Pictures excluded, output the lines of the data below between the one holding "Trao tặng tài" and the one holding "سجادة دوري صوف", inclusive, exactly as they stand.

> [Records supplied]:

┌────────

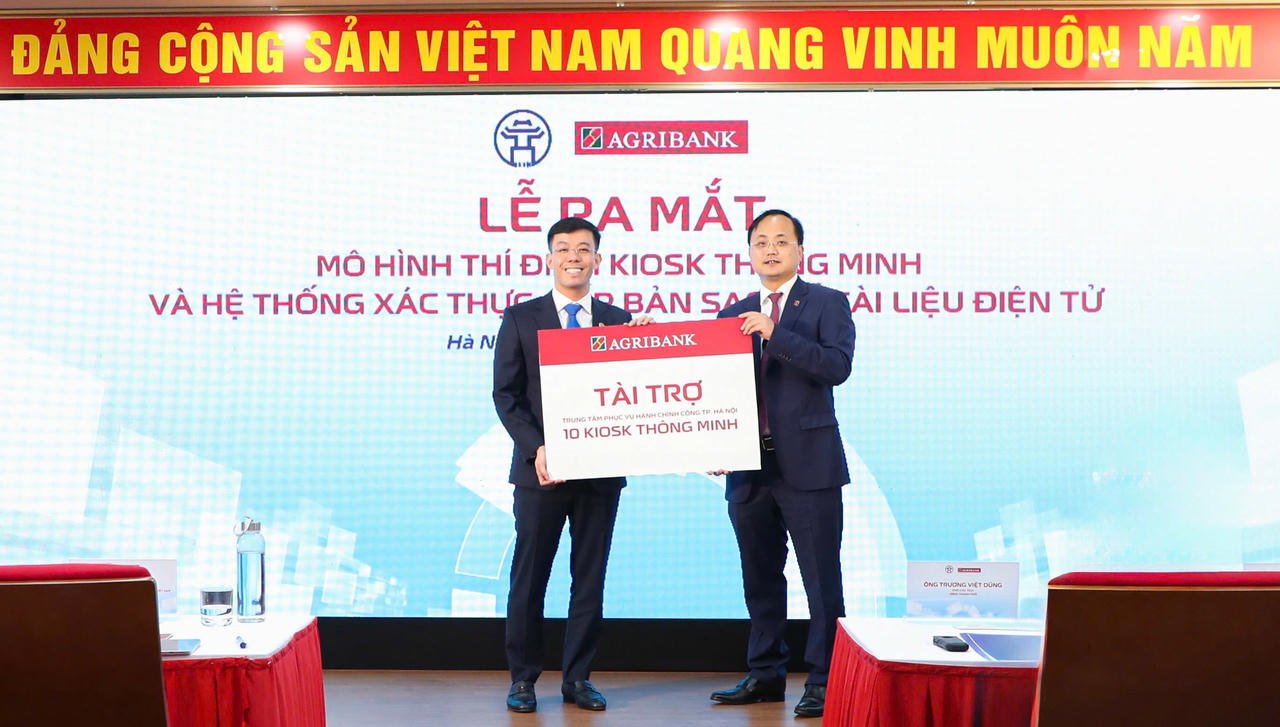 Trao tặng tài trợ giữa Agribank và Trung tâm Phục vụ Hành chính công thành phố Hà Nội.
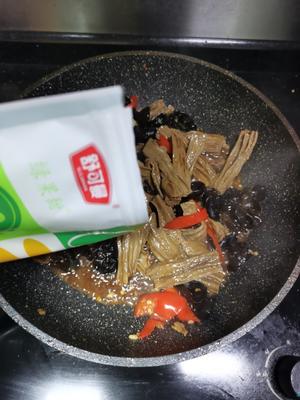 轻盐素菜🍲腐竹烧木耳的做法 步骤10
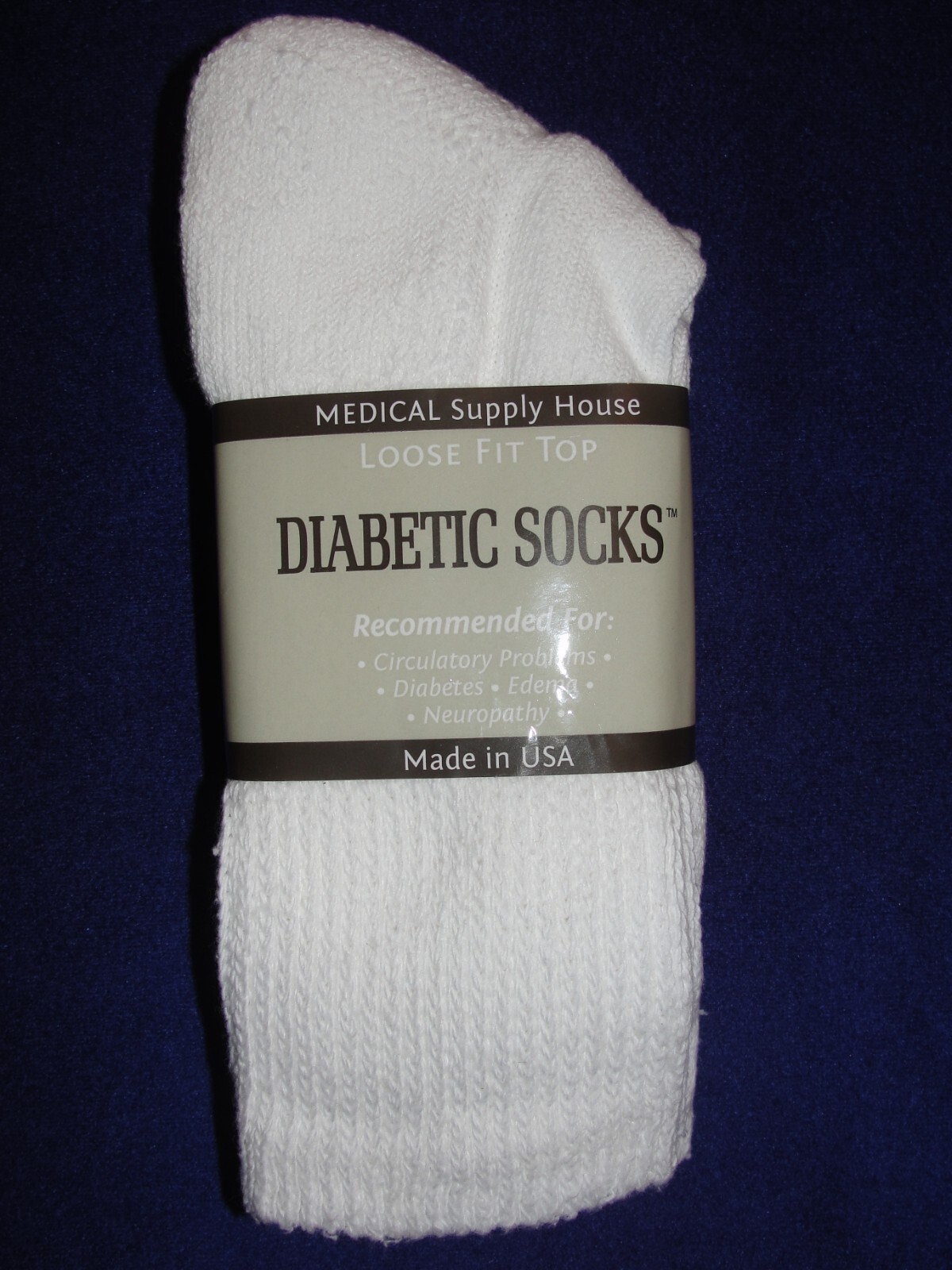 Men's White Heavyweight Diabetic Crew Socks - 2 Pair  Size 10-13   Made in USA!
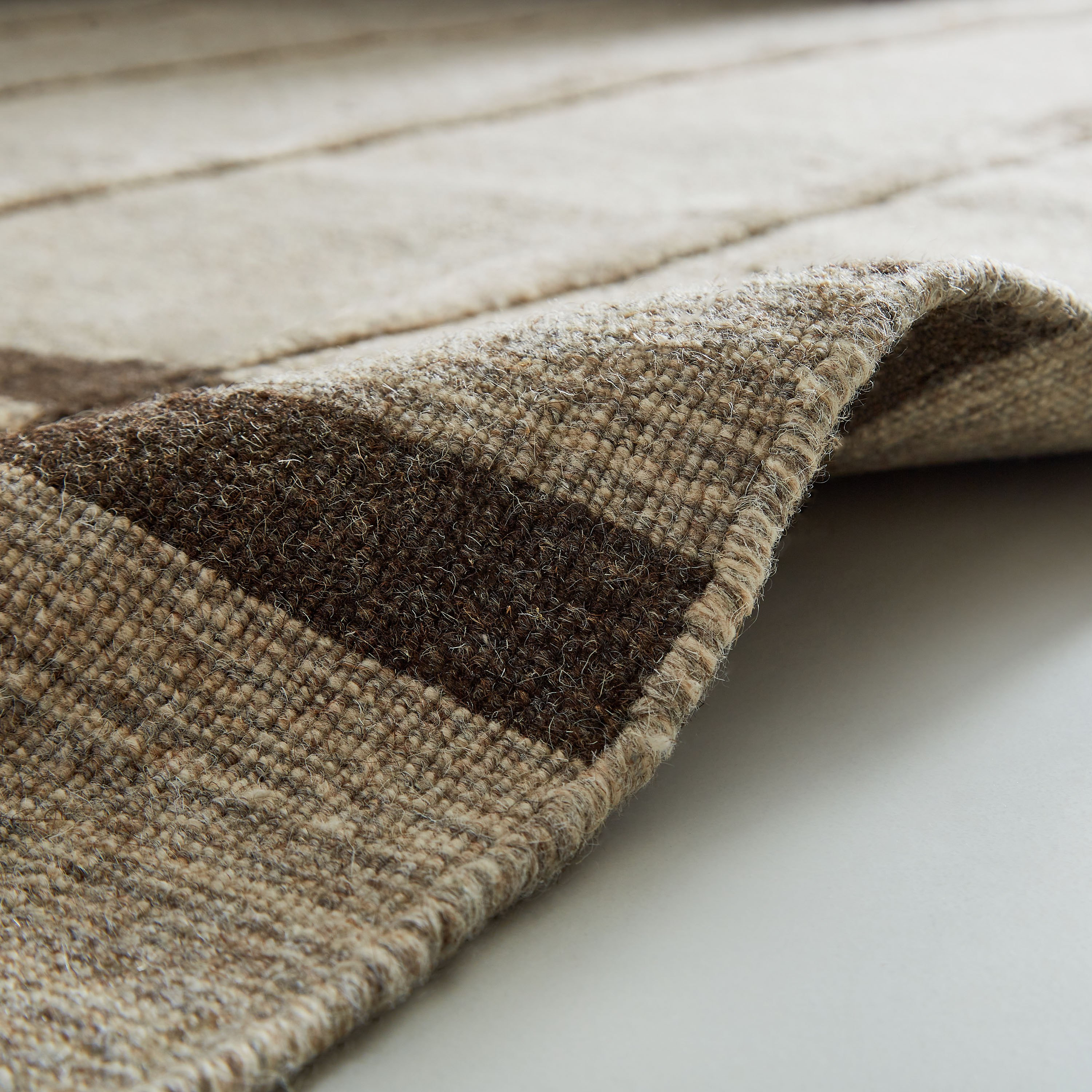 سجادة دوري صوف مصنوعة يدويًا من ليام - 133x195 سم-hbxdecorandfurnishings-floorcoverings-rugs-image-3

└────────
┌────────

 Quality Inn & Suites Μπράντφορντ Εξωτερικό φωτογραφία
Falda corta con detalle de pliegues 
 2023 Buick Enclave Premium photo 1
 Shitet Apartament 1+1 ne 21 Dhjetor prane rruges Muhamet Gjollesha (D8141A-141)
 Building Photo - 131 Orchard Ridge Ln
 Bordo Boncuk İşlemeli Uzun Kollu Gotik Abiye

└────────

> [Written solution]:
 Trao tặng tài trợ giữa Agribank và Trung tâm Phục vụ Hành chính công thành phố Hà Nội.
 轻盐素菜🍲腐竹烧木耳的做法 步骤10
 Men's White Heavyweight Diabetic Crew Socks - 2 Pair  Size 10-13   Made in USA!
 سجادة دوري صوف مصنوعة يدويًا من ليام - 133x195 سم-hbxdecorandfurnishings-floorcoverings-rugs-image-3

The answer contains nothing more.